The “online harms” legislation has been significantly watered down since its introduction, thanks in large part to Conservative party opposition to its original “legal but harmful” clause which was seen by some as impinging on freedom of speech. (Or, as trade secretary Kemi Badenoch put it, “legislating for hurt feelings”.)
A lot of Conservatives are unhappy with the new bill and as the legislation still has to go to the House of Lords, I doubt we have heard the last of “legal but harmful”. There are going to be a lot of intra-Tory battles over the detail of this bill in the coming weeks.
As Robert Shrimsley noted a while back in a thoughtful column on the legislation, this stuff is really difficult. The UK is the first jurisdiction to try to tackle this policy area in such depth, and I’m not going to pretend I am sitting on the perfect solution here.
As Dave Rich, head of policy at the British charity Community Security Trust, argues in his excellent forthcoming book about modern anti-Semitism, Everyday Hate, the “legal but harmful clause” wasn’t dreamt up by civil servants because Nadine Dorries was worried about hurt feelings:
When it comes to antisemitism, conspiracy theories are the gateway to a whole set of anti-Jewish slanders that end, ultimately, with incitement to murder.

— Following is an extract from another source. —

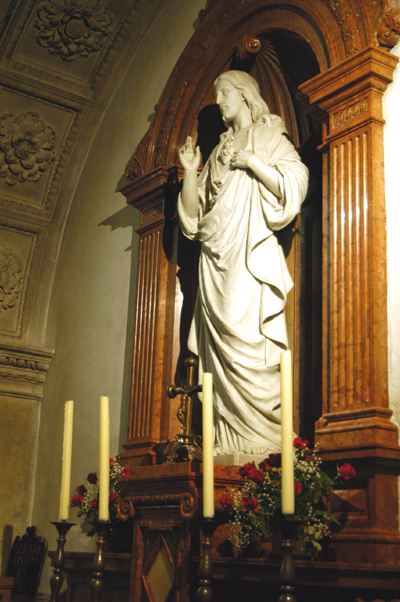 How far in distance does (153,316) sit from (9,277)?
7.39 ft

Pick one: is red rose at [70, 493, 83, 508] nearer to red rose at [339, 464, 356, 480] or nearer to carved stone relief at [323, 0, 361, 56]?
red rose at [339, 464, 356, 480]

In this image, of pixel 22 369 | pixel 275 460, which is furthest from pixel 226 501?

As I write this, there is an ongoing political debate in the United Kingdom over whether online content informally described as “legal but harmful” should be subject to regulation. I can think of no better example of ‘legal but harmful’ material than the conspiracy theories about Jews, Zionists, Rothschilds and all the other code words that swamp social media.
I’m not saying this should be the only consideration on whether “legal but harmful” is a useful tool, and there are reasonable concerns that “legal but harmful” is too broad a definition. But it’s not going to be helpful for anyone — not anyone interested in getting the legislation right — to talk as if “legal but harmful” and the other measures in the bill are about legislating for hurt feelings or anything like it.
Unite the right
Something that almost all Conservatives can agree on is the importance of tackling the “small boats” crisis, with new laws aimed at swiftly removing those intercepted to Rwanda. As Katy Balls explains in her Spectator column, many with Rishi Sunak’s ear think they can make looming votes on the issue a key dividing line with Labour:
‘We could say “get the boats done” and run a “stop the boats” election,’ argues one government adviser. They point to the ‘stop the boats’ campaign in Australia, which is viewed by several senior Tories as a way to keep elements of the Johnson electorate on side.
But, as Katy reports, some MPs are worried (in my view, rightly) that they have set themselves an impossible target in “stopping” the boats. Ultimately there is always going to be a degree of illicit migration, and because Brexit has taken the UK outside of the EU’s frontiers, that migration now happens via small boats (and not, as it used to be before Brexit, in and underneath lorries).
In terms of the task the government has set itself, the only way to “stop the small boats” would be to let would-be migrants to the UK take the ferry instead. It just seems unlikely to me that an election in which small boats feature heavily will favour the Conservatives.
Now try this
I saw A Man Called Otto at the cinema. I hated it, but I honestly have no one but myself to blame: the film is basically exactly what you’d expect from the trailer. It was a bit like an Anne Tyler novel: I can see that it was well done for what it was, but “what it was” was an overly saccharine tale of a man alienated from his surroundings who gradually learns to live, laugh and love again. Danny Leigh didn’t care for it either.
However you spend it, have a wonderful weekend.